Le seul résultat concret qui aurait pu en résulter aurait été d’ajouter encore quelques groupes à la douzaine qui constitue déjà Antarsya et Antarsya aurait remporté 1% plutôt que 0,7%. Cela signifiait aussi offrir Syriza sur un plateau à Tsipras et à sa majorité, ou du moins aux forces qui ne sont pas dans la Plate-forme de Gauche.
Maintenant, il est clair que pour la société grecque, la seule opposition de gauche visible au gouvernement est le KKE. On ne peut pas nier ce fait, mais ils sont totalement insignifiants d’un point de vue politique. Nous n’avons pas parlé du rôle du KKE pendant le référendum, mais c’était vraiment une caricature de leur insignifiance. Ils ont appelé à un vote nul en demandant aux gens de voter sur des bulletins qu’ils avaient faits eux-mêmes avec un « double-non » (non à l’UE et non au gouvernement). Ces bulletins n’étaient évidemment pas valides et toute l’opération s’est soldée par un fiasco. Les dirigeants du KKE n’ont même pas été soutenus par leur propre base, et ces bulletins invalides n’ont été utilisés que par 1% des votants.
Et, à côté d’eux, il y a la Plate-forme de Gauche. Les grecs le savent et les médias ne cessent de nous le répéter, la bête noire de Tsipras c’est Lafazanis et la Plate-forme de Gauche. On peut aussi ajouter Zoe Kostantopoulou dans cette catégorie.
Je pense que nous sortons grandis de ce qui s’est passé. Nous avons une base sur laquelle démarrer un nouveau cycle, une force qui a été à l’avant-plan de cette bataille politique et qui a une expérience sans précédent.

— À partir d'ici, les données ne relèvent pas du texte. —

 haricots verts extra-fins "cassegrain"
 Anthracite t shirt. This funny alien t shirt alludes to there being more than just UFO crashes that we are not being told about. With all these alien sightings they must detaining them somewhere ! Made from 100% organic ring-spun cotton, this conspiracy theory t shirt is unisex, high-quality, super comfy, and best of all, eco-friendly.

Tout le monde est bien conscient que si nous ne construisons pas sur cet acquis, la gauche ne sera plus qu’un champ de ruines.
De ce point de vue, celui de la reconstruction de la gauche anticapitaliste, sans prétendre que nous sommes la seule force qui peut jouer un rôle, nous reconnaissons combien les enjeux sont majeurs, ce qui nous investit d’une haute responsabilité sur ce que nous allons faire dans les temps à venir.